--- Exercise instructions ---
Each line of the data below should be restated exactly, with images left out.

--- The data ---
BEGIN

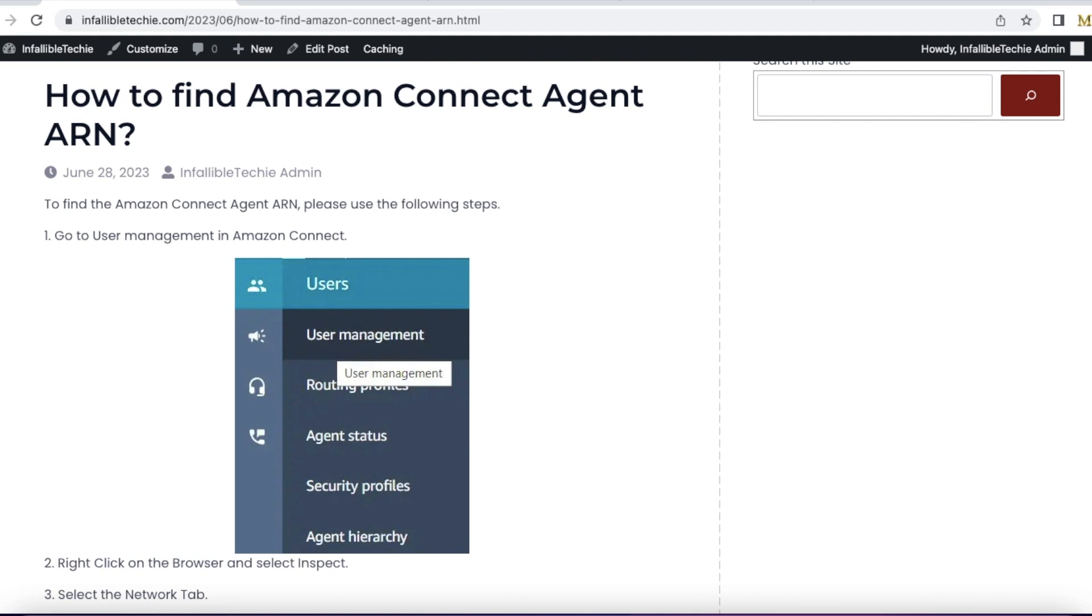Hello everyone, in this video we are going to see how to find Amazon Connect agent ARN value.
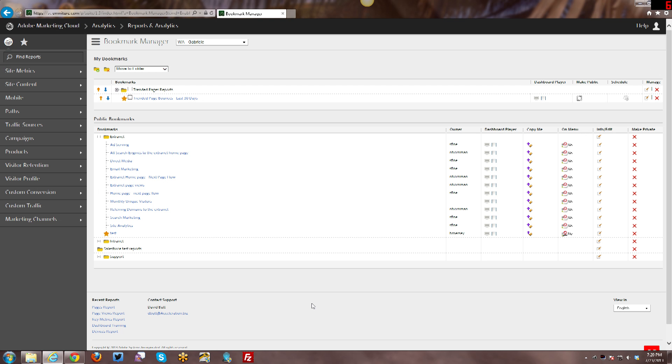That's basically everything that covers how to manage and create bookmarks. If you have any questions, please feel free to leave any questions below in the comments. I'll be more than happy to answer them.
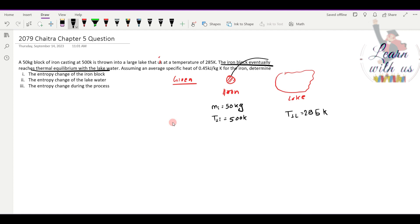Since the iron reaches thermal equilibrium with the lake, the final temperature of the iron is equal to the lake temperature, which is 285 Kelvin.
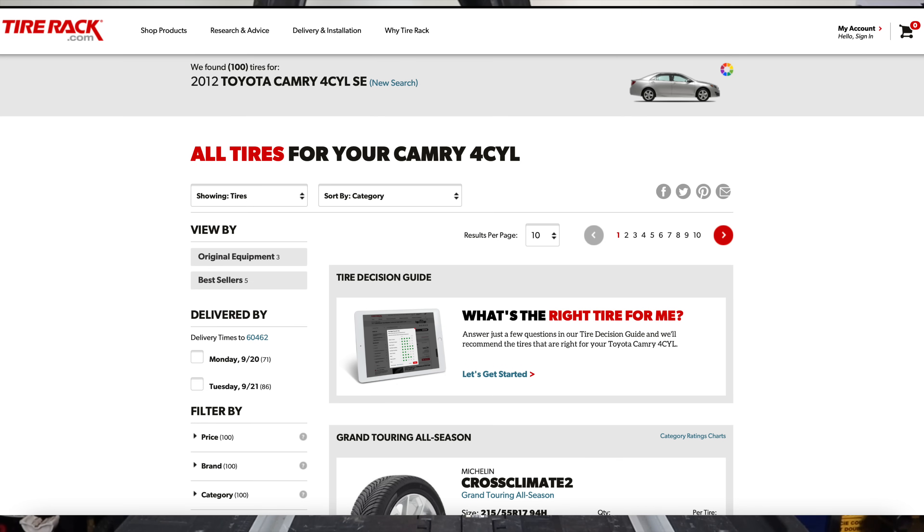Tires make the biggest impact on how a car drives. You won't realize it until you change the brand — it completely changes the way the car drives. So ask yourself: did I like the old tires? If not, then look at what the original tires were for this car.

END

--- Expected answer ---
Hello everyone, in this video we are going to see how to find Amazon Connect agent ARN value.
That's basically everything that covers how to manage and create bookmarks. If you have any questions, please feel free to leave any questions below in the comments. I'll be more than happy to answer them.
Since the iron reaches thermal equilibrium with the lake, the final temperature of the iron is equal to the lake temperature, which is 285 Kelvin.
Tires make the biggest impact on how a car drives. You won't realize it until you change the brand — it completely changes the way the car drives. So ask yourself: did I like the old tires? If not, then look at what the original tires were for this car.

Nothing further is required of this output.